3) People with the mentality of a developer, involved in Data Science projects, should enjoy SpBDSM. These hardcore meetups with depth reports are not less useful than conferences but informal. Speakers are experienced researchers from large companies. The event is organized once in six months at LenDoc Bar with high ceilings and unobtrusive movie soundtracks. The atmosphere inspires participants to talk about programming as art, not craft. Something similar I've seen on the last Golang Piter meetup, organized in a loft. Usually meetups take place in the offices of partner IT companies. For companies it is like inbound marketing offline, making their HR brand more popular among developers. For communities it is convenient since companies help to organize high-quality broadcast / video recording and a coffee break. When a meetup is organized without support of any company, organizers have to set microphone levels on a mixer or provide speakers a lavalier microphone. Otherwise, they have to remove background noise from video record with such programs as Adobe Audition. Among speakers of SpBDSM there are both engineers who can fix bugs or implement new features in the source code of an open-source library and researchers who are focused on the practical results of their researches.

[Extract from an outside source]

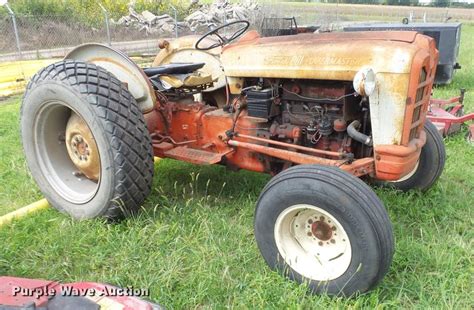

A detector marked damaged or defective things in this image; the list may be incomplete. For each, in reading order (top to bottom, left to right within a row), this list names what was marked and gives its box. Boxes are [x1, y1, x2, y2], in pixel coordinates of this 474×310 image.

rusty hood [222, 30, 430, 80]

The organizers find speakers who talk about their experience, not about themselves. Speakers seem to unconsciously follow the phrase of Linus Torvalds: "Talk cheap, show me the code". There are no stand-ups, neither a lot of memes on slides. Only a few theses and a lot of code. By the way, mathematicians apologize for their "academic code" in Python looking like pseudocode (though everybody understands that one can not be good in everything). Before slides with long formulas, organizes make short coffee breaks. Speakers present their research results in a various range of areas: embeddings, data preprocessing and vectorization, interesting architecture solutions in Data Science projects. There are also talks on such relevant topics as the application of ML/DL methods in cybersecurity (biometric data, generative adversarial networks, data sanitization, etc.). On the sidelines, you can discuss features in different versions of Python, such as optional typing in Python 3.7, the capabilities of other languages ​​for more efficient implementation of algorithms, like multiprocessing TSNE in Go and how to write clean, maintainable, scalable code in a data science project.

Comparing the atmosphere of communities, organized around different technologies, we can see the connection with the business problems. Programming languages ​​are just instruments, but behind the decisions of their designers there is a philosophy that gives a positive approach for solving a certain set of problems.